After 36 years of waiting, the Church of the Sacred Heart has reopened its doors, just in time for the Christmas holidays. Here’s what you need to know about the historic church.

Church built in the 1950s, closed due to Sky Harbor expansion

The original parish church was built in the early 1950s under the leadership of Father Albert Braun. At the time, the church served a predominantly Hispanic neighborhood.

In the 1980s, however, the expansion of the Phoenix Sky Harbor Airport began and, with the exception of the church, 6,000 structures in the church area were demolished.

According to the Diocese of Phoenix website, the church and parish buildings, along with the surrounding residences in an area known as the Golden Gate Barrio, were transported through a prominent estate.

According to the church’s website, the last regular mass was celebrated in 1985.

Agreement to revive the church concluded in 2018

In 2018, we reported an agreement with the city of Phoenix revive the church.

In June of the same year, Reverend Paul Sullivan said in a statement that the decades-old church will be restored. Sullivan said at the time that the goal was to make the church a place of “unity and pride.”

As part of the restoration, the church is painted and cleaned, and religious art has been put back inside.

“Very happy and excited to see what God is going to do in this beautiful and beautiful place of worship,” said Susan French.

Restoration efforts will continue in the coming months.

Community members remember the church

As the church reopens, community members say this church was part of a special time in their lives.

“It kind of makes you happy and hurt at the same time. It was a good time to grow up around that time,” said Jim Yarbrough, who was once an altar boy when he was in 8th grade.

For others, like Jimmy Benavidez, the church evokes nostalgia.

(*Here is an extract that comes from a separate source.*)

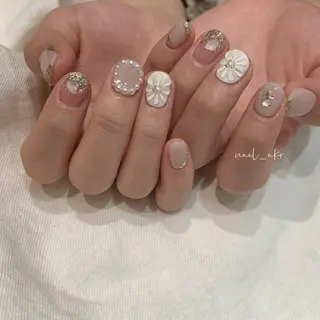 ネイル nailAVANCE akariのネイルデザイン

“Made me cry, man,” said Benavidez, who grew up attending church. “My mom and dad are just looking down, smiling. I’m sure it’s a special place. I was named after Father Albert.”

“It’s important for them to come back, to recognize a part of their history that has been kind of wiped out with the expansion of the airport, but it’s still real in their hearts, and come back to a special place like this. “It means a lot,” said Reverend Sullivan.

For Christmas Day, services will take place at 9:00 a.m. and 12:00 p.m.